L'écrivaine conclura que les zombies sont des personnes sous psychotropes, privées de leur volonté, et pas des morts-vivants.

De même, Clairvius Narcisse (on peut voir sa photo dans l’exposition) « mort » en 1962, serait réapparu en 1980. À cette occasion, il aurait dit à sa sœur qu’il avait été transformé en zombie parce qu’il aurait vendu un terrain dont il n’était pas propriétaire. Selon certaines sources, il aurait affirmé avoir été drogué et ne s’en serait sorti que parce qu’un gardien aurait oublié de lui faire prendre sa dose de drogue quotidienne…

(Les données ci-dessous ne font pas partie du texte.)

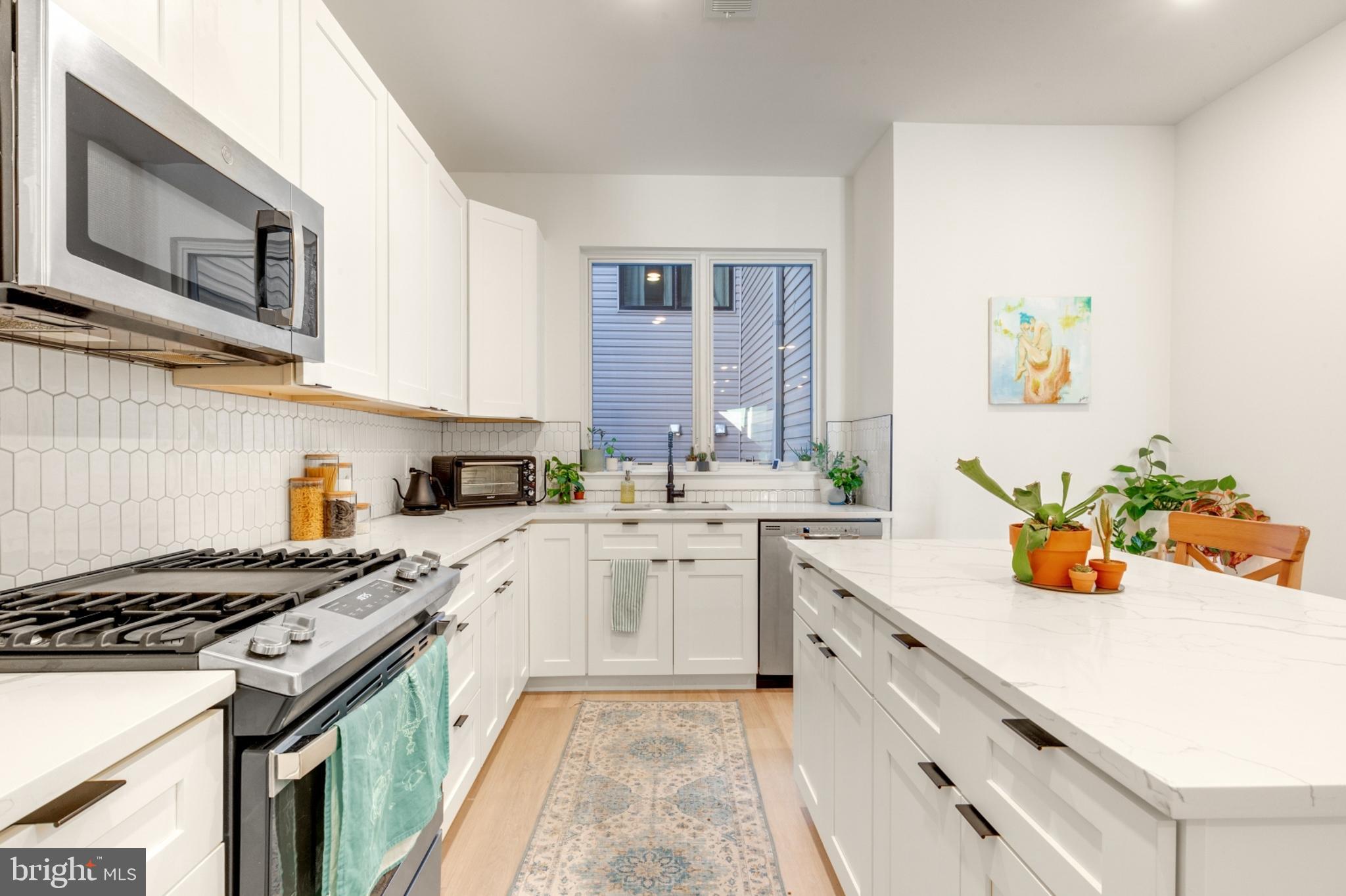 a kitchen with a sink stove and cabinets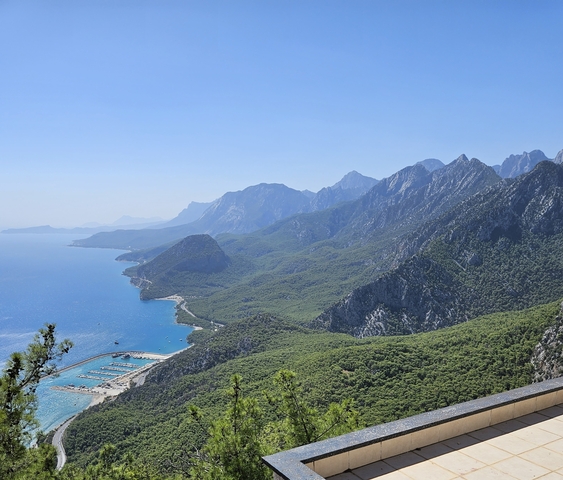       Scenic coastal view with a forested mountain landscape.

divers objets représentés dans cette exposition

Savoir et fiction

Fable ou réalité d’un individu drogué ou hypnotisé ? L’exposition souligne l’interrogation. Elle permet de comprendre qu’au fond la notion de zombie, ce « non mort » du vaudou haïtien se situe à la frontière entre le savoir et la fiction. Les diverses situations qu’elle est censée recouvrir, même en Haïti (criminels, malades psychiatriques, …), trahissent aussi cette ambiguïté. Celle-ci peut avoir facilité l’utilisation du terme dans des acceptions différentes à travers le monde.